All of this illustrates the difference between science and scientism. The former thrives on debate, is honest about the provisional nature of its conclusions, and understands that people have a right to form their own judgment about its recommendations, especially when those recommendations are turned into discretionary health edicts that have unknown effects and that prohibit or impede the carrying out of basic responsibilities and normal life for an extended period of time. As the 19th century Presbyterian theologian Charles Hodge notes in his comments on the apostle Paul’s teaching on liberty of conscience in 1 Corinthians 8: “Whenever a thing is right or wrong according to circumstances, every man must have the right to judge of those circumstances.”[9] By way of contrast, scientism stifles debate, insists that its conclusions are the only possible rational conclusions, and cites its expert credentials to demand unquestioning acceptance of whatever it says. While science is an extremely helpful tool when it stays in its proper lane, it is a pawn of tyrants when it is presented as a god that must be followed.

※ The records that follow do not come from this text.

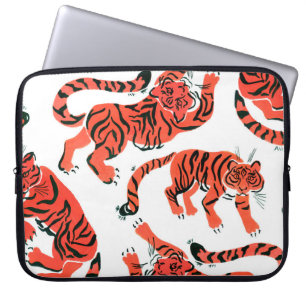 Naadloos patroon met verf in gouache tigers bij laptop sleeve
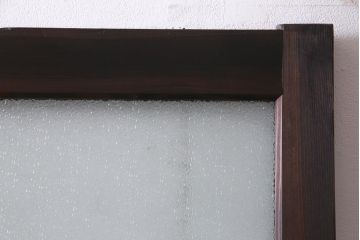 和製アンティーク　腰板ケヤキ材　ダイヤガラス入り　味のあるレトロな雰囲気醸し出すガラス戸2枚セット(建具、引き戸)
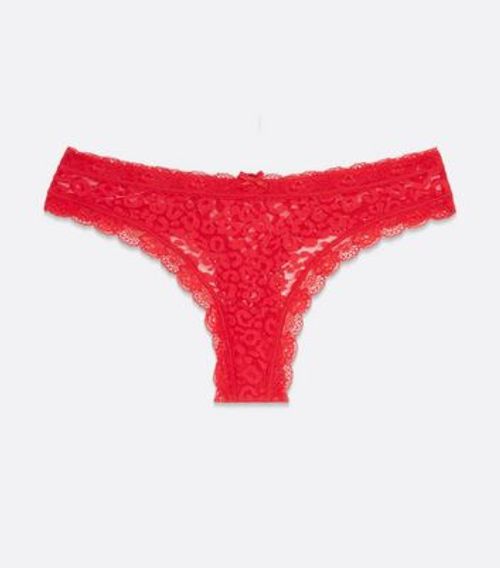 Red Animal Print Lace Thong...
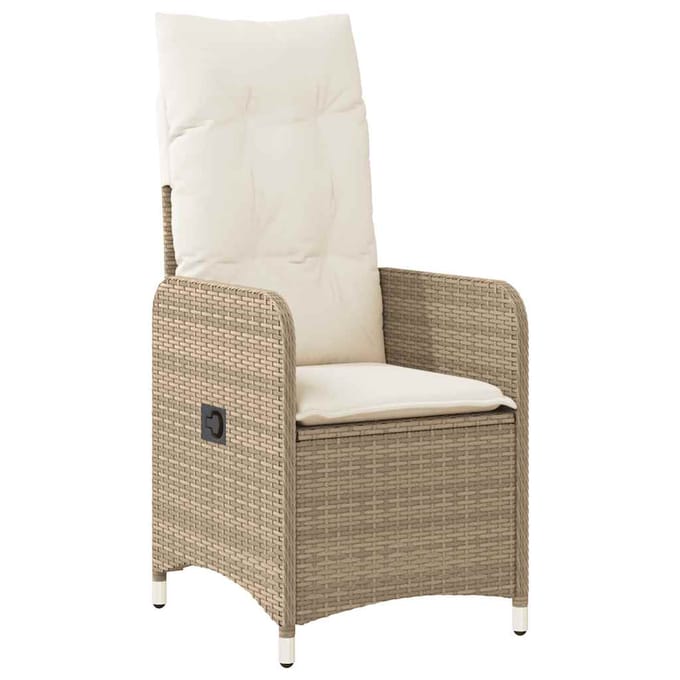 vidaXL - 11-delige - Bistroset - met - kussens - poly - rattan - beige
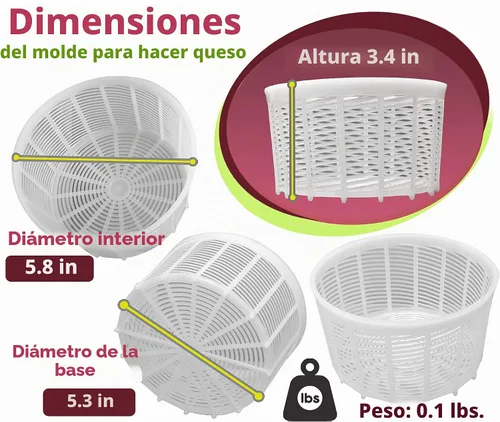 Vista 3 de PetriStor Molde de queso suave para queso, 3 piezas, 1.25 cuartos de galón, molde de queso mediano, suministros caseros para hacer queso, molde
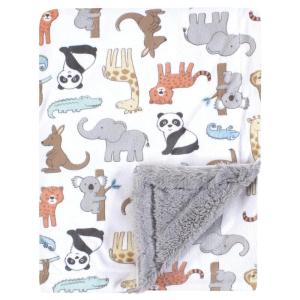 imageHudson Baby Unisex Baby Plush Blanket with Furry Binding and Back Peach One SizeZoo Animals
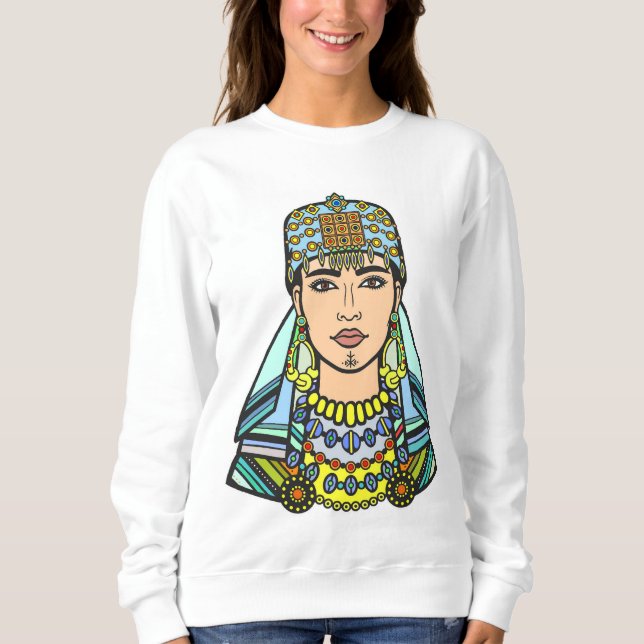 Sudadera sweat avec visage de femme amazigh (Anverso)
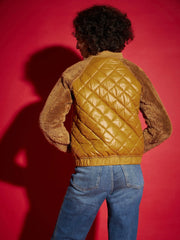 Women Solid Standard Mustard Full Sleeve Jacket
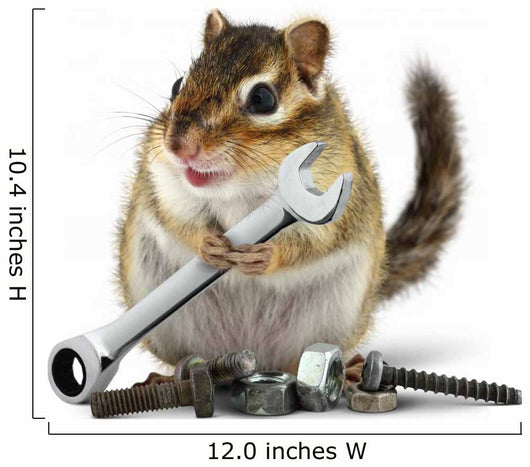 craftsman chipmunk with wrench Wall Decal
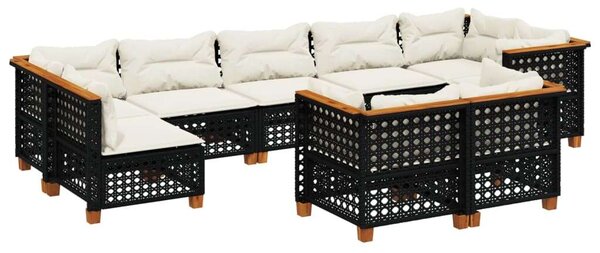 VidaXL Polyrattan Kerti Ülőgarnitúra - 9 részes - Fekete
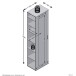 Garderobenschrank >INCA 2< in Eiche Dekor - 50x184x34,5cm (BxHxT)
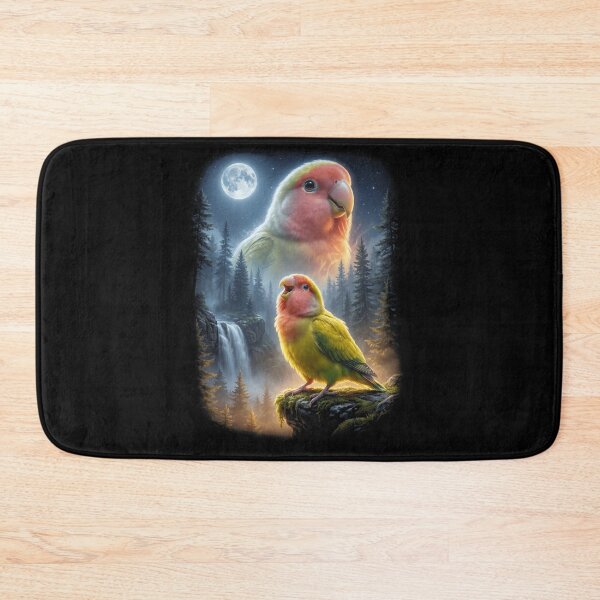 Item preview, Funny Rosy Faced Lovebird Howling Moon Art Parrot Lover designed and sold by DoodleTortle.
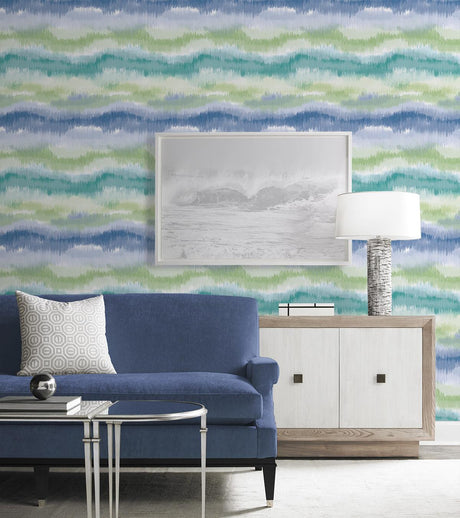 Seabrook Ikat Waves Blue Wallpaper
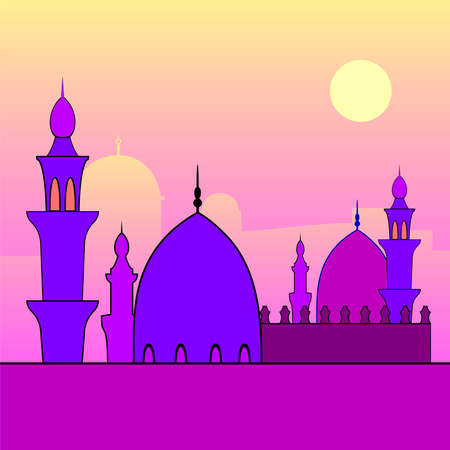 Evening landscape with mosques and sunset. For holy month of muslim community Ramadan Kareem celebrationのイラスト素材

It is not surprising that a society as secularized as ours would embrace scientism. In the words of Harvard professor of history James Hankins:
Science is the default god of a civilization without religion or shared standards of right and wrong. The pseudo-religion of diversity and multiculturalism, which undermines shared moral standards, in effect enthrones Science as god, since Science is the only authority widely believed to be value-neutral. The great god Scientia (to be distinguished from the actual sciences) is not in fact value-neutral, but in public she plays the part of a lady who loves the truth but is flexible when it comes to other moral principles. Hence public science cannot give us “values,” that is, the practical wisdom to make morally sound decisions. “Follow the Science” is morally vacuous advice. It’s like asking a computer program whether you should get married (though no doubt some genius has created an app for that, too).

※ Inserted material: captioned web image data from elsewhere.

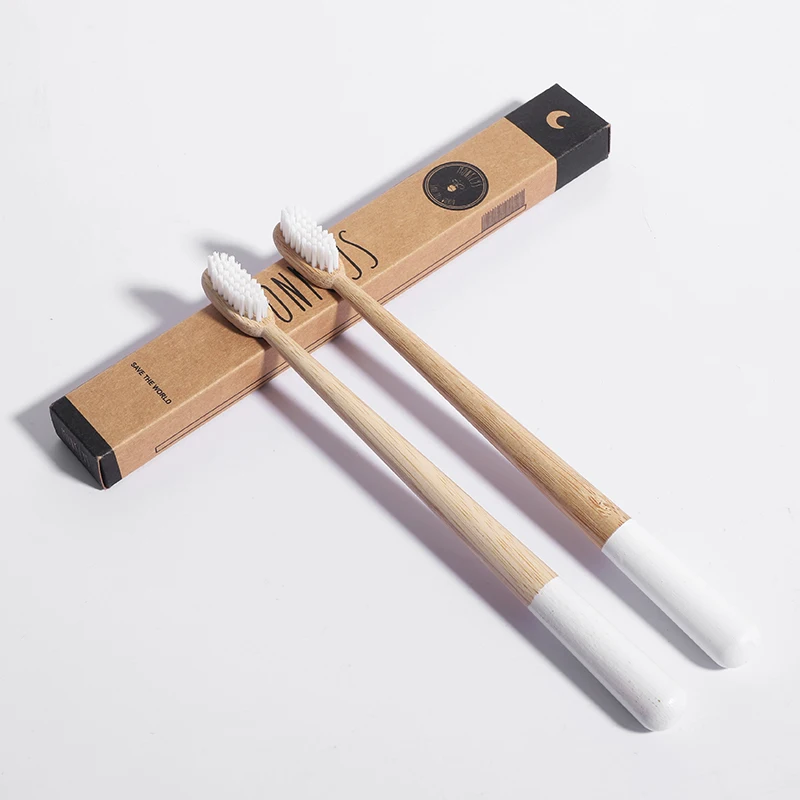 Customized Handle Color Bamboo Toothbrush Biodegradable With Colored Handle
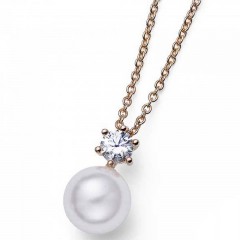 ŽENSKI OLIVER WEBER FOCUS PEARL GOLD LANČIĆ SA SWAROVSKI BELOM PERLOM I KRISTALOM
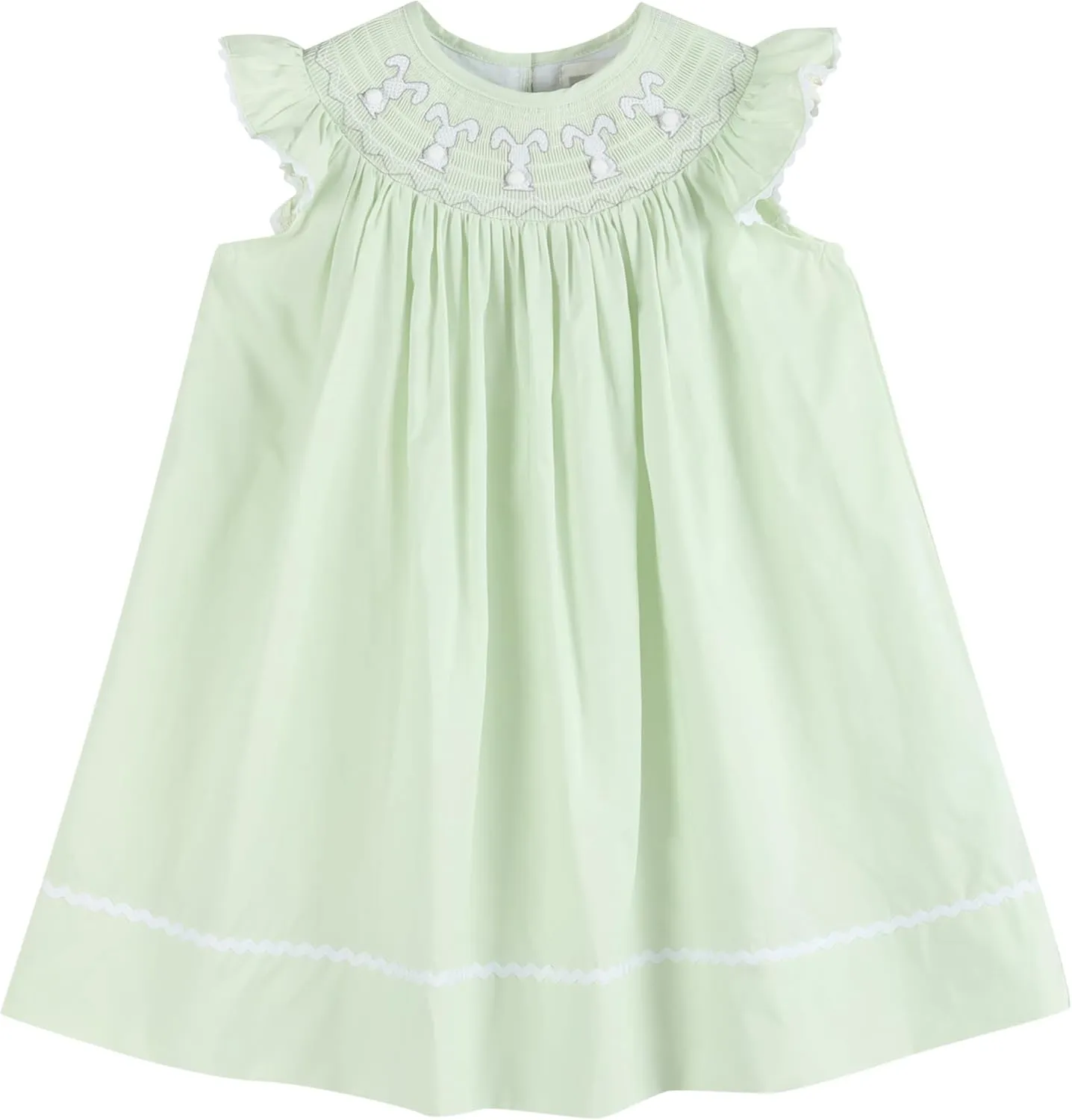 Baby and Girls Smocked Easter Bunny Bishop Dress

The pandemic has exposed Scientia as a false god. There is good reason to suspect that COVID-19 originated from gain-of-function research on bat coronaviruses that was funded in part by the National Institute of Allergy and Infectious Diseases (NIAID), which is headed by Anthony Fauci. Furthermore, the efforts to “slow/stop the spread” have not only proved futile, but have produced a great deal of additional misery and strife. Christians should seize this opportunity to call people’s attention to how this demonstrates scientism’s illusion of control and the impoverishment at the heart of an approach to life that is willing to sacrifice human dignity and freedom in order to follow whatever those with the most power deem to be “the science.”

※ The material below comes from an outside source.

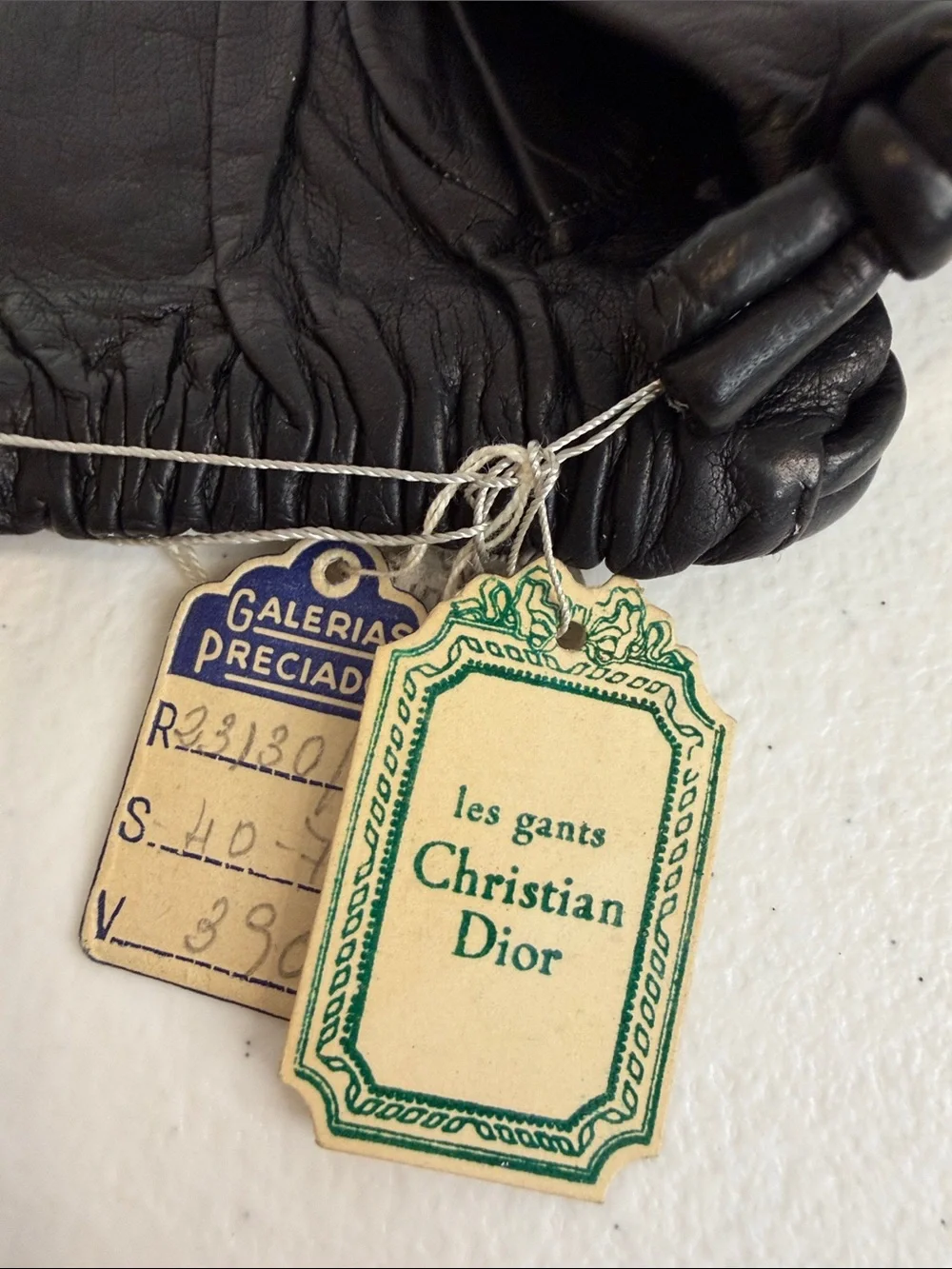 Vintage Christian Dior Black Leather Gloves Rolled Cuff Size 7½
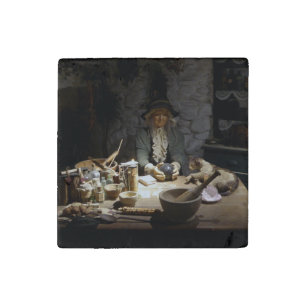 White Witch's Kitchen Museum, Witchcraft & MAGICK Stone Magnet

[1] C.S. Lewis, Out of the Silent Planet (New York: Scribner, 1996), 26-27.
[2] C.S. Lewis, That Hideous Strength (New York: Scribner, 1996), 203.
[3] C.S. Lewis, The Abolition of Man (New York: Touchstone, 1996), 74.
[4] Michael D. Aeschliman, The Restoration of Man: C.S. Lewis and the Continuing Case Against Scientism (Seattle: Discovery Institute, 2019), 110.
[5] Aeschliman, Restoration of Man, 33.
[6] Cited in Aeschliman, Restoration of Man, 29.
[7] Forward to Drusilla Scott, Everyman Revived: The Common Sense of Michael Polanyi (Grand Rapids: Eerdmans, 1994), v.
[8] Scott, Everyman Revived, 5-6.
[9] Charles Hodge, 1 and 2 Corinthians (Edinburgh: Banner of Truth, 1974), 151.